Come close listen to the story
About a love more faithful than the morning
The Father gave his only son just to save us

The earth was shaking in the dark
All creation felt the Father's broken heart
Tears were filling heaven's eyes
The day that true love died, the day that true love died
When blood and water hit the ground
Walls we couldn't move came crashing down
We were free and made alive
The day that true love died, the day that true love died

Search your heart, you know you can't deny it
Come on, lose your life just so you can find it
The Father gave his only son just to save us

The earth was shaking in the dark
All creation felt the father's broken heart
Tears were filling heaven's eyes
The day that true love died, the day that true love died
When blood and water hit the ground
Walls we couldn't move came crashing down
We were free and made alive
The day that true love died, the day that true love died

Now Jesus is alive
Jesus is alive
Jesus is alive
Jesus is alive
Jesus is alive
oh He is alive
He rose again

When blood and water hit the ground
Walls we couldn't move came crashing down
We were free and made alive
The day that true love died, the day that true love died

Come close listen to the story

How someone can write, read, or hear these words and not get chills, get tears, get some sort of emotion is truely beyond me.
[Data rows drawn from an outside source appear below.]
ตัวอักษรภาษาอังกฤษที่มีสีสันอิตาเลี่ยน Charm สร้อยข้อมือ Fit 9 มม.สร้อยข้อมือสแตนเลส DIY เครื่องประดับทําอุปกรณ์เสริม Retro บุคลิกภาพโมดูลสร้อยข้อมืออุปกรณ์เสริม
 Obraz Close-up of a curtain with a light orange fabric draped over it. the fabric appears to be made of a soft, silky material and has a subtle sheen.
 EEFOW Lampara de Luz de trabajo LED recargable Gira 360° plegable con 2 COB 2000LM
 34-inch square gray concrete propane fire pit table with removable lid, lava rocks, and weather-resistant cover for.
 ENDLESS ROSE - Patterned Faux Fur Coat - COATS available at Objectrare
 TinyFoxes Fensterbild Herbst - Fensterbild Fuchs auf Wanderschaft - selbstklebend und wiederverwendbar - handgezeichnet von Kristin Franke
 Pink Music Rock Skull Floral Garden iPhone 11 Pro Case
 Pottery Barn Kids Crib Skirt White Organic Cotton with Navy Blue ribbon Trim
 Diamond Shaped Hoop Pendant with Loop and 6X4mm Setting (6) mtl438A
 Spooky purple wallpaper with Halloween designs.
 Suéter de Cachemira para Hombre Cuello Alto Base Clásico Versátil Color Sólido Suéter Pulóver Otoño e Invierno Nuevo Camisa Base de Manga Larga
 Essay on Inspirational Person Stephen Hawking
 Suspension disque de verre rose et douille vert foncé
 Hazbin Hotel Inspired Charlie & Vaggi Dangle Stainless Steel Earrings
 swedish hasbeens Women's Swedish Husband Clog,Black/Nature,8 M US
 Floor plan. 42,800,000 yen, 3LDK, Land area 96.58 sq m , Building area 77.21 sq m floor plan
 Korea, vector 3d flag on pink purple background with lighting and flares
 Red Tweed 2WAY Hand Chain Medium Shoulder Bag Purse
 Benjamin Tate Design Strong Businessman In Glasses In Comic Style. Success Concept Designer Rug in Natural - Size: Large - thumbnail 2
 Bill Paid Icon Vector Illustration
Jesus is the story of True Love. He was a perfect man, sinless {look for yourself in the bible, find something He did wrong} and then proceeded to die and sinners death. Why? Why would He do something so crazy, so selfless, so humbling, so not what any of us would do?!

True love, that's why.

I love the line in this song also by Phil Wickham that says 'listen to a story about a love more faithful than the morning'. Some times I can hear that line in my head over and over and over, but i never get sick of hearing it. I think its a wonderful thing to be reminded of constantly, of how faithful God really is in our lives. Simple things that prove that faithfulness: Do we question wether or not the sun will go down sometime this evening? Or that sometime in early morning it will rise again? Wow! Yet I doubt sometimes and believe that God may have forgotten about me and even though I don't sit around a think that to myself, my actions show my doubt. My lacking to just trust Him, so I worry about little unimportant things. Stupid things.